Their findings made the news, and quickly became a club with which to bash the social sciences. But the problem isn’t just with psychology. There’s an unspoken rule in the pharmaceutical industry that half of all academic biomedical research will ultimately prove false, and in 2011 a group of researchers at Bayer decided to test it. Looking at sixty-seven recent drug discovery projects based on preclinical cancer biology research, they found that in more than 75 percent of cases the published data did not match up with their in-house attempts to replicate.
These were not studies published in fly-by-night oncology journals, but blockbuster research featured in Science, Nature, Cell, and the like. The Bayer researchers were drowning in bad studies, and it was to this, in part, that they attributed the mysteriously declining yields of drug pipelines. Perhaps so many of these new drugs fail to have an effect because the basic research on which their development was based isn’t valid.
When a study fails to replicate, there are two possible interpretations. The first is that, unbeknownst to the investigators, there was a real difference in experimental setup between the original investigation and the failed replication. These are colloquially referred to as “wallpaper effects,” the joke being that the experiment was affected by the color of the wallpaper in the room. This is the happiest possible explanation for failure to reproduce: It means that both experiments have revealed facts about the universe, and we now have the opportunity to learn what the difference was between them and to incorporate a new and subtler distinction into our theories.
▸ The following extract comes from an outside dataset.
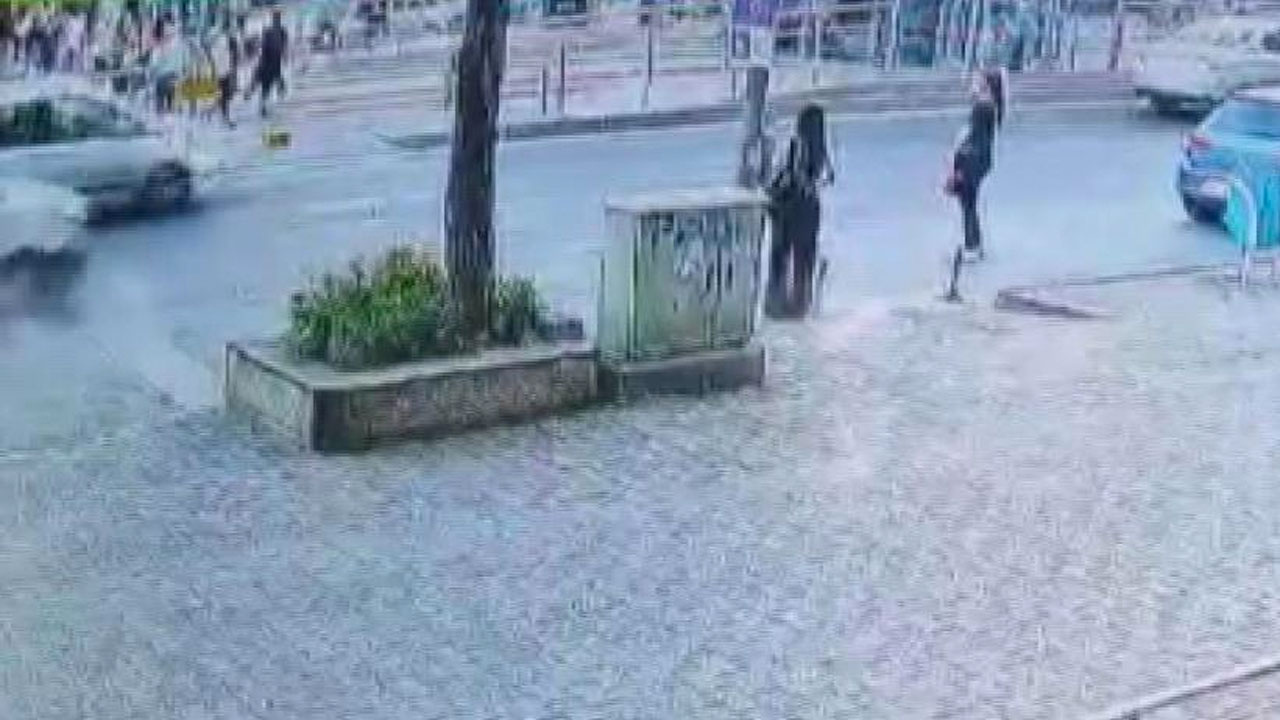 Kayseri'de feci kaza genç kız yola birden atladı güvenlik kamerası kayıttaydı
The other interpretation is that the original finding was false. Unfortunately, an ingenious statistical argument shows that this second interpretation is far more likely. First articulated by John Ioannidis, a professor at Stanford University’s School of Medicine, this argument proceeds by a simple application of Bayesian statistics. Suppose that there are a hundred and one stones in a certain field. One of them has a diamond inside it, and, luckily, you have a diamond-detecting device that advertises 99 percent accuracy. After an hour or so of moving the device around, examining each stone in turn, suddenly alarms flash and sirens wail while the device is pointed at a promising-looking stone. What is the probability that the stone contains a diamond?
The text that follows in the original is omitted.